Jeffery Keefer – Navigating liminality  – experience of being a doctoral student

  • Turners’ work on liminality.
  • Experiences of doctoral students who study at a distance. Specifically those who have problems along the way, liminal periods.
  • Students undergoing change periods. Kiley 2009 Learning journey as multi-dimensional, involving ontological, epistemological, emotional and professional development along with cognitive shifts in understanding. Wisker et al. 2010 Learning journey/rite of passage
  • Purpose to look at experience of doctoral students.
  • Using narrative inquiry – want to understand the story that people are sharing.

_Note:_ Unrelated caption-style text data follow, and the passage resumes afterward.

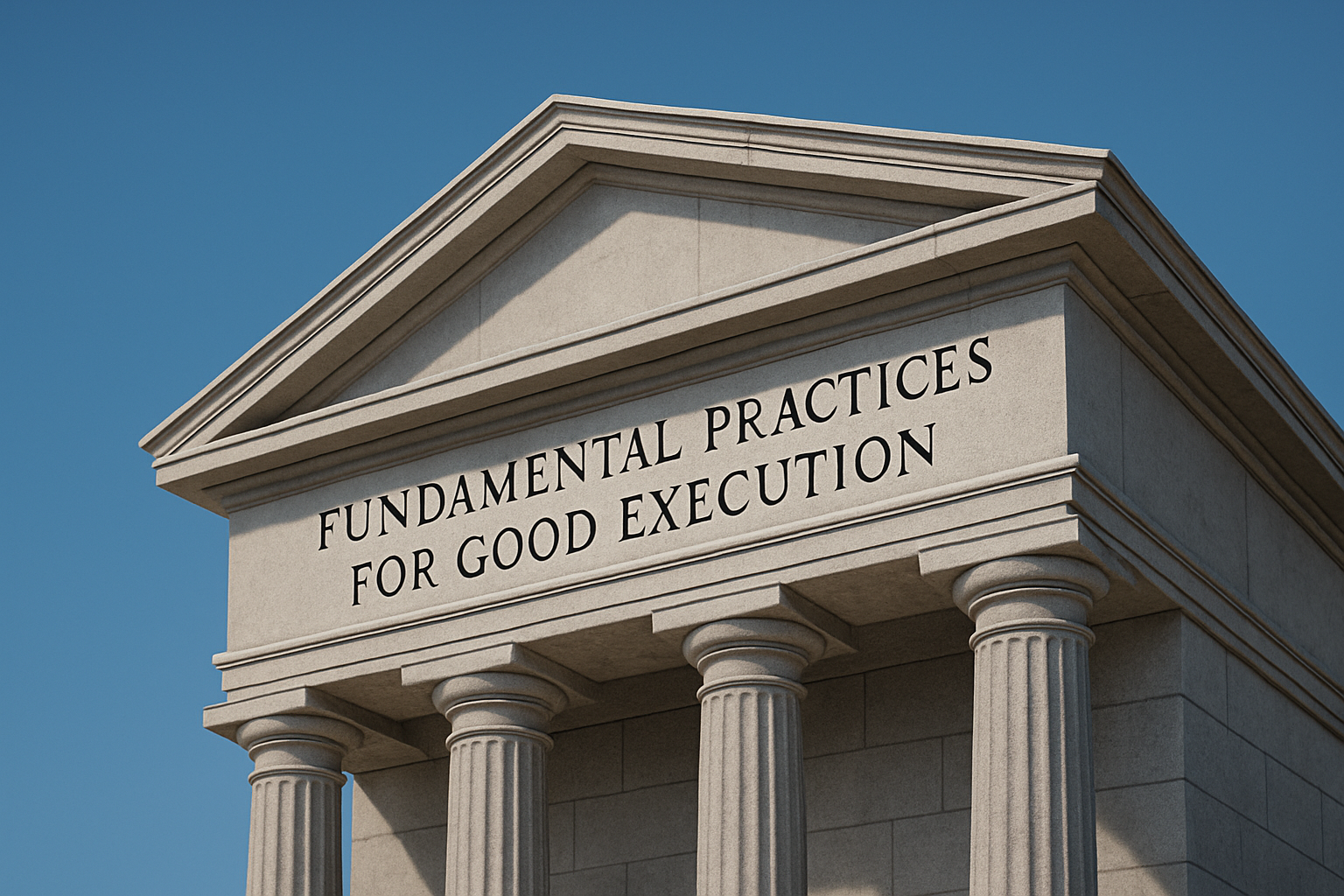 Three Execution Fundamentals For Good Execution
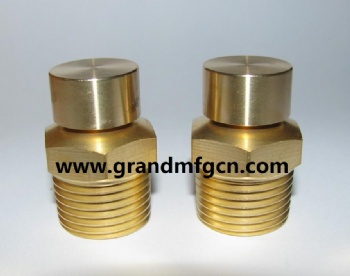 Hexagon Brass Breather Vent Plug with filler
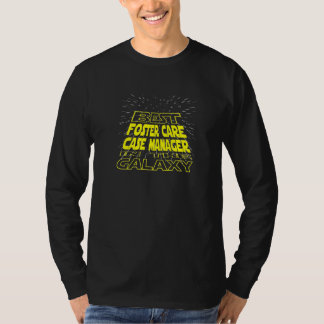 Foster Care Case Manager Cool Galaxy Job T-Shirt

Constructing identity through storytelling Clandinin and Connelly 2000 Riessman 2008. Storytelling through conversation and dialogue.
  • Found participants through social media.
  • ANT lens
  • Fenwick 2010, Fenwick and Edwards 2010 Fox 2005 Oliver 2011.
  • Preliminary findings
  • Feelings of isolation led to challenges articulating and processing liminal experiences.
  • Liminal experiences were so strong they were relived during an interview.
  • Distance is contested and problematised.

Maria Cutajar – Networked learning experience of students in transition to HE – what how and why?

  • Professional practice and thesis project relationship
  • Cohort of ca 70 students (2011-2013), 8 week networked learning course – Basic Computing Principles targeting first year students.
  • Aims: investigating their experience of networked learning
  • Advance NL as a learning approach into the pre-university educational sector.
  • What different NL experiences do they have and make?
  • How do they perceive others as contributors of their learning in NL?
  • Experiences: disconnected, strategic experience, and connected experience.

Moira Hunter – Researchscapes in virtual worlds: unpacking researchers’ conceptualization of spatial semiotics

  • Focus on Virtual Worlds and what are they and 3D technologies – Like Secondlife and OpenSim. Not interested in what has been done in the past on identity, design, learning spaces. Interested in the researchers’ path and progress within their own research. From first perception and understanding of this space and how that changes as they work through their research process.
  • Talking about a space that is highly visual. Researcher comes to it with their own understanding and interpretation of the space.
  • Perspectives of research process. See a building in different ways depending on how we come to it. Meaning making of spaces.
  • Terms are not clear – Virtual Worlds, spaces, etc. Do not consider a moodle space as a VW.  Some look at the VW as a container. Whereas actually might it be more appropriate to adopt a more open perspective as others factors will impact on what happens within the space, your socio-cultural background will have an influence.
  • Expansive learning theory, spatial semiotics and phenomenography.
  • What criteria are considered in selecting the space of inquiry by the researchers?
  • How are these selected boundaries transformed if at all in the process of the studies?
  • How, if at all, has the shifting of boundaries enhance the research outcomes?